Assignment:
Each line in the records below, from the one that contains "Broad Adige river" to the one that contains "Een moderne keuken", should be reproduced exactly, the first and last included.

BEGIN Records for the task

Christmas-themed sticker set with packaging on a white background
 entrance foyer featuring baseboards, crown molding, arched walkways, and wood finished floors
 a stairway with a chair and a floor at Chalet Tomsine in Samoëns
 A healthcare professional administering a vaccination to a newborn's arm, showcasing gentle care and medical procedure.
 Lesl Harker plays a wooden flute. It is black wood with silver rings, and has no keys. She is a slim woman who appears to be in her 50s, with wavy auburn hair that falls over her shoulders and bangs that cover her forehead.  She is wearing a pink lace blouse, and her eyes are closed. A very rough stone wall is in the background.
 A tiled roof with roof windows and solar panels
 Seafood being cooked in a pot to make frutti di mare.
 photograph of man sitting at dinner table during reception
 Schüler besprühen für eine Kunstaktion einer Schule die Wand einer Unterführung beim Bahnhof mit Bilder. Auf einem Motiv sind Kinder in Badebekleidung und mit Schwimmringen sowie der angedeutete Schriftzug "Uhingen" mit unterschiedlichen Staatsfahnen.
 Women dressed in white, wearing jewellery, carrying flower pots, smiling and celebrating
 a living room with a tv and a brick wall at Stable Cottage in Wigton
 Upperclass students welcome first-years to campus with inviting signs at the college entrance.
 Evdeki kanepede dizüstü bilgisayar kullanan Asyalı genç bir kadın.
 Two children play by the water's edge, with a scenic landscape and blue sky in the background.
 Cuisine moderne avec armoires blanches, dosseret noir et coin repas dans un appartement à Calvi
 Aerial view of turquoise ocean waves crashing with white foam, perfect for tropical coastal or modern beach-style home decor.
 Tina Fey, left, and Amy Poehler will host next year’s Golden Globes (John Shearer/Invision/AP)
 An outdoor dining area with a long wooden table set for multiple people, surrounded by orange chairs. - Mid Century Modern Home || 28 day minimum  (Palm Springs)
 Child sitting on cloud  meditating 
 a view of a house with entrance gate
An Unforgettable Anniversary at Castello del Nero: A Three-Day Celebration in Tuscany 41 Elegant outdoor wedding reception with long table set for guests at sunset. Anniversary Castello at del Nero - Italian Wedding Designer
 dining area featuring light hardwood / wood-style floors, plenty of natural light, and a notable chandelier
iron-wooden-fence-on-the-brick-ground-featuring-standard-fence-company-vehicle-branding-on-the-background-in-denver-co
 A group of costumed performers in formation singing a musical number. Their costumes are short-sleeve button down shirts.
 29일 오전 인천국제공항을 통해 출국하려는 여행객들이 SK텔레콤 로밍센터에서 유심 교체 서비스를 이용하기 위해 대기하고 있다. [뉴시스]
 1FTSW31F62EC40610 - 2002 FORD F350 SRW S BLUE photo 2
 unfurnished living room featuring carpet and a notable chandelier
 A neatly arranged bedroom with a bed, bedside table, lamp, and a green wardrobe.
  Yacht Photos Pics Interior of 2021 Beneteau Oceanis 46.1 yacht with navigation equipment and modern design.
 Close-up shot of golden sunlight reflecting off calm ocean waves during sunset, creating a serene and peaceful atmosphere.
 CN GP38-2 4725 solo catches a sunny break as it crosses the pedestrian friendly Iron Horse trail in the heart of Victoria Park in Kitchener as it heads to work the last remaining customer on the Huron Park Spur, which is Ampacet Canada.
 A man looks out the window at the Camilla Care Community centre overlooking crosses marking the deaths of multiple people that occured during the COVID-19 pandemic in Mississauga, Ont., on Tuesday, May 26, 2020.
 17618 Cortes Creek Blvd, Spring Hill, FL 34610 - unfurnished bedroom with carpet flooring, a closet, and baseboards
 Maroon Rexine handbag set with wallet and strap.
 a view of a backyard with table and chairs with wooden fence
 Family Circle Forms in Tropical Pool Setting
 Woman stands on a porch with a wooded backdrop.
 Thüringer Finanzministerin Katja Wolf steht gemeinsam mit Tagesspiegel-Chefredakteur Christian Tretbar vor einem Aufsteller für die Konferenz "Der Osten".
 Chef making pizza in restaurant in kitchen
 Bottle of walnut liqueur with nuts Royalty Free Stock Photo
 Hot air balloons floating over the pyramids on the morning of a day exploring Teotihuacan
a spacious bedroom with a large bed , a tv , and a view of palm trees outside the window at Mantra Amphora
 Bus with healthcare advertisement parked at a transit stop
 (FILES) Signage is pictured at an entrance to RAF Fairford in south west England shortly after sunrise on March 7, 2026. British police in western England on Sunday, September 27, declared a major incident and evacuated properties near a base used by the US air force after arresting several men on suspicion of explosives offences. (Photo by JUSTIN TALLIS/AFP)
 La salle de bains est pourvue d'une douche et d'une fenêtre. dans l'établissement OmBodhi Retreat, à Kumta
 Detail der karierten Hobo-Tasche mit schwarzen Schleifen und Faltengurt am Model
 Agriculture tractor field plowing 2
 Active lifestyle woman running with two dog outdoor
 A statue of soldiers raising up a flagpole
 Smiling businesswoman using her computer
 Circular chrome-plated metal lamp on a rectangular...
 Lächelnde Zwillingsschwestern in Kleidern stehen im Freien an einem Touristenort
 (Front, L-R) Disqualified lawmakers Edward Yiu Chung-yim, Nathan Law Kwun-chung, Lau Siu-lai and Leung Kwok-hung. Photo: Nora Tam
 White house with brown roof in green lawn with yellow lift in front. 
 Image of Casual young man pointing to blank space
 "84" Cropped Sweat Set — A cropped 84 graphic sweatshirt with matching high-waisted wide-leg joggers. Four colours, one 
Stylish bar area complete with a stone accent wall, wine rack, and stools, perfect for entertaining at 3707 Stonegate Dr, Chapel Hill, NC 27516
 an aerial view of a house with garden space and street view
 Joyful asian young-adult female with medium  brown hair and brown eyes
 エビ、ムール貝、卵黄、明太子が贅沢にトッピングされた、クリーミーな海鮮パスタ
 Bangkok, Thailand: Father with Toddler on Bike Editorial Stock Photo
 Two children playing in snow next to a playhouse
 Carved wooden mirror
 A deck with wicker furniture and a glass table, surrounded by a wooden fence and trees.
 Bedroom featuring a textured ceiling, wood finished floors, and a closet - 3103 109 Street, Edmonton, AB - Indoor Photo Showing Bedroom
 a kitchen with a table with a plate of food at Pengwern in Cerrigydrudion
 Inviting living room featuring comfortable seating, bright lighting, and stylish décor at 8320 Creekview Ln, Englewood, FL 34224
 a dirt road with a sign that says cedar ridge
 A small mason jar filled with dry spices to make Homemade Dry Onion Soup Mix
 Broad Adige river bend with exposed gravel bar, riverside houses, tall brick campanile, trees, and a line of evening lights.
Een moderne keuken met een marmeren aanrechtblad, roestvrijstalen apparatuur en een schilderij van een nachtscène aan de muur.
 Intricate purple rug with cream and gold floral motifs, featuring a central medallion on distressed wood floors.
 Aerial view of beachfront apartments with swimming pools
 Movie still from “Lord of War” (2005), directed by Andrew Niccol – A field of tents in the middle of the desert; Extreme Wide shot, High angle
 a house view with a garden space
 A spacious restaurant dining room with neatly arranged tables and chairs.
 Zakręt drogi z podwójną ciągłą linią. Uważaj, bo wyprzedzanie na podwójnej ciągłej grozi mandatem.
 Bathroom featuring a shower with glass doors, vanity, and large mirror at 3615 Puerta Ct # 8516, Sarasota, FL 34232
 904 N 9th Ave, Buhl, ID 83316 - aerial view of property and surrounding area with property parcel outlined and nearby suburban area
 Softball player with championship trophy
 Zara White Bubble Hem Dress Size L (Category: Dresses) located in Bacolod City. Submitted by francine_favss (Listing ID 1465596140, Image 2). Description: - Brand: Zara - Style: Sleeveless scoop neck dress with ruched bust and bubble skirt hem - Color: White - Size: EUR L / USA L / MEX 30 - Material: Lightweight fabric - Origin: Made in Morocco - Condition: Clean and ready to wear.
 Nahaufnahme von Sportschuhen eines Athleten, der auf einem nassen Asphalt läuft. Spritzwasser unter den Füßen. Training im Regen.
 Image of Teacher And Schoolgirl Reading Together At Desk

END Records for the task

Reply to the exercise:
 Broad Adige river bend with exposed gravel bar, riverside houses, tall brick campanile, trees, and a line of evening lights.
Een moderne keuken met een marmeren aanrechtblad, roestvrijstalen apparatuur en een schilderij van een nachtscène aan de muur.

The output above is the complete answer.